Horatius 6th January 2021 07:52 AM

Okay Democrats, it's time to put up or shut up
 
In the spirit of bi-partisanship (from abroad, anyways), it's time for a new version of my not-quite-four-years-old thread.


Waking up to the news that it appears the Democrats have won both the Georgia run-off elections, this means that, for the next two years at least, they have control of all of Congress and the Presidency. After 6 years of obstinate refusal by Moscow Mitch to even consider any legislation passed by the Democratic House, the Dems are finally in position to pass laws to make their agenda a reality.

So now's the time to do it, and do it fast. We all know mid-term elections are usually considered to be a referendum on the sitting President and the party in power, so that's the time limit you have to work with. You need to pass enough major legislation, soon enough, that at least some of the 74 million people who still voted for Trump will be willing to switch to voting Democrat in 2022.

So, Democrats, what's the plan? What's the priority? We need specifics, please!

thaiboxerken 6th January 2021 07:56 AM

It will not happen quickly and some things just won't happen. There are "blue dogs" in the Senate that will stand in the way of any quick, progressive growth.

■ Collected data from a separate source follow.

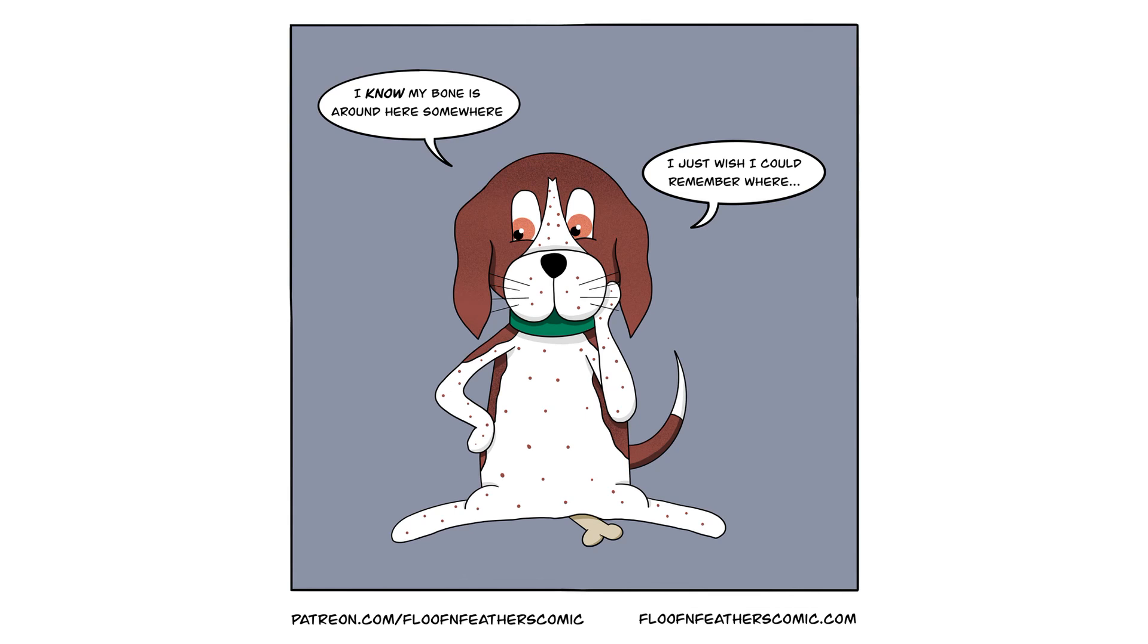But anyway, that being said, I just want to thank everyone for coming by for another Inktober Floof and Feathers drawing video. I hope you enjoy continuing to read and watch the series, and I'll see everyone back here again next time for more Inktober fun.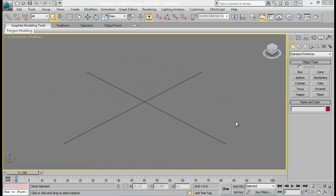Hello guys, welcome to my another tutorial on FumeFX. Today I'll be creating a tutorial on FumeFX flamethrower. I hope you guys have watched the preview in my previous video — I have just published the preview. If you have not watched yet, you can go back; I'll be providing a link in the description where you can check the preview. Today we will be using FumeFX and Particle Flow inside 3ds Max to create a cool looking flamethrower.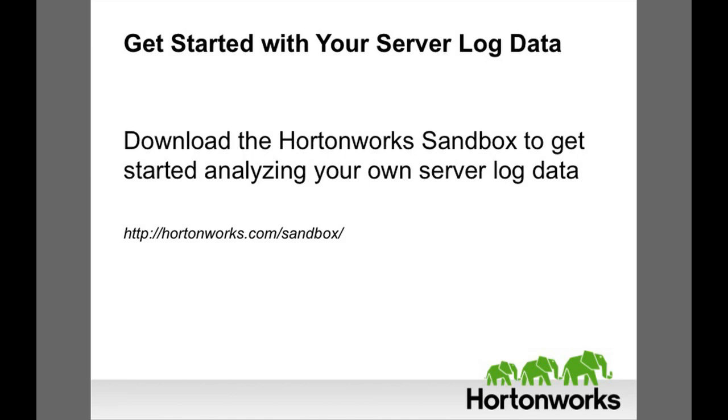You can start analyzing your own server log data right now with the Hortonworks Sandbox, a single-node Hadoop cluster that you can load to your laptop for free. Go to the Hortonworks website and start playing in the sandbox.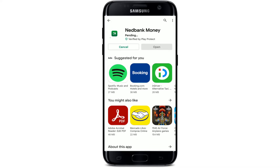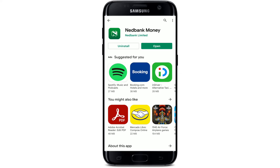Netbank Money is your everyday banking application. With it installed on your Android device, you can get hold of your account, view your balances, manage your profile limits, transfer funds between accounts, and much more. Soon after the application downloads, you'll be able to see an Open button popping up right beneath the app — tap it to launch the app.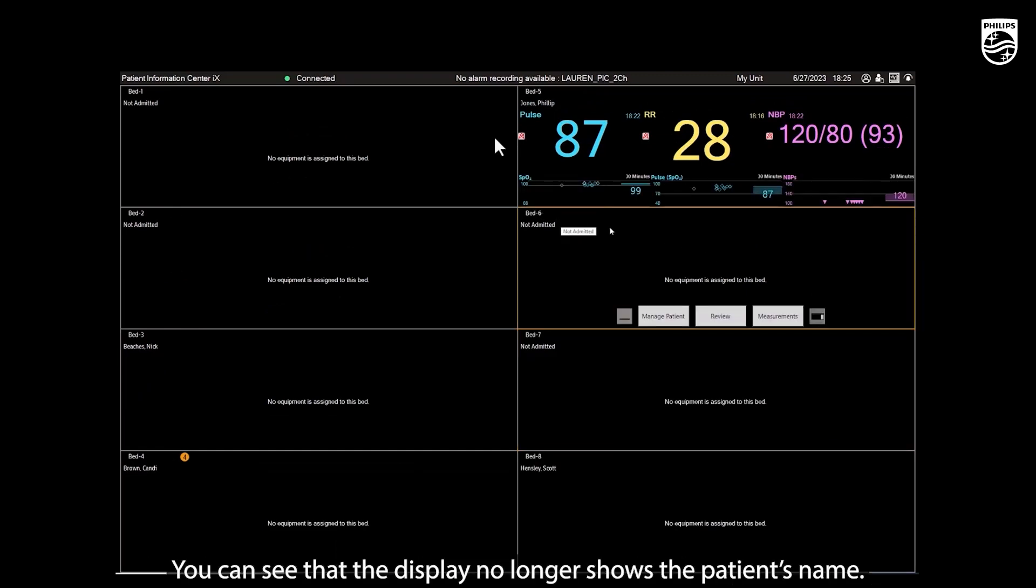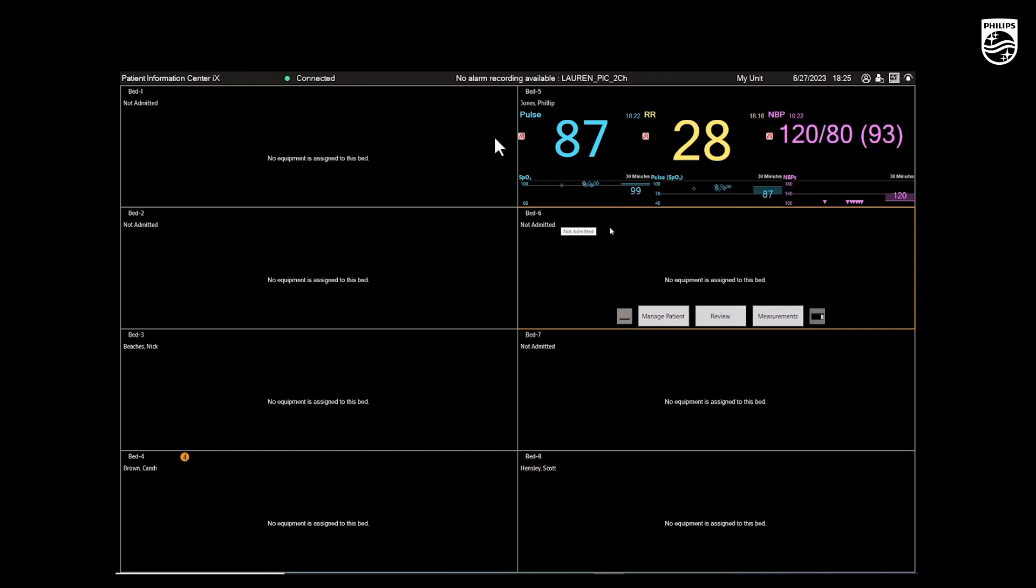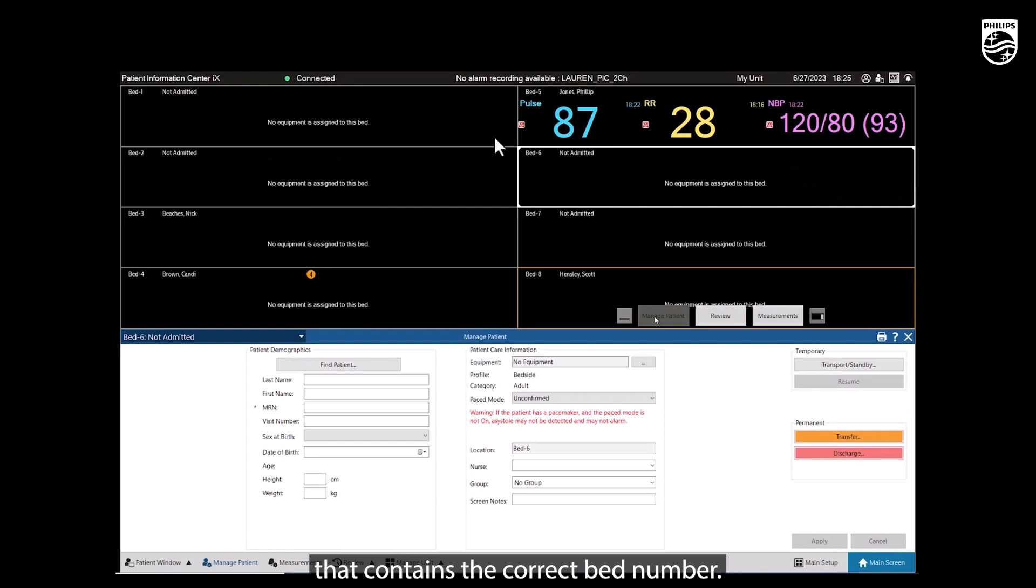You can see that the display no longer shows the patient's name. A discharged patient can be easily readmitted. To do this, select Manage Patient in the sector that contains the correct bed number.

Horatius 6th January 2021 07:58 AM

Quote:

Originally Posted by thaiboxerken (Post 13348527)
It will not happen quickly and some things just won't happen. There are "blue dogs" in the Senate that will stand in the way of any quick, progressive growth.



That's not a plan, that's a complaint. Part of a plan would be how to deal with those problems. What policies would be possible, and most benefit the American people, while also being visibly beneficial, so that at least some current Republican voters can see that their lives have been improved by the Democratic Party?

JoeMorgue 6th January 2021 08:00 AM

The Dems are already getting distracted eating each other alive and whining about which Demographic sub-category gets credit for this for them to do anything about the entire other party in the middle of an attempted coup.

Nobody does circular firing squads like the Democrats.

Horatius 6th January 2021 08:04 AM

Quote:

Originally Posted by JoeMorgue (Post 13348532)
The Dems are already getting distracted eating each other alive and whining about which Demographic sub-category gets credit for this for them to do anything about the entire other party in the middle of an attempted coup.

Nobody does circular firing squads like the Democrats.



That is my fear, yes, hence the call to put up. They have an opportunity here, but it's an opportunity that would be depressingly easy to waste.

But if you're not even going to try to succeed, what was the point in even working to get elected? If the Dems are doomed to failure, you might as well let the Republicans destroy everything so we can get on with that post-apocalyptic waltz we all so want to dance.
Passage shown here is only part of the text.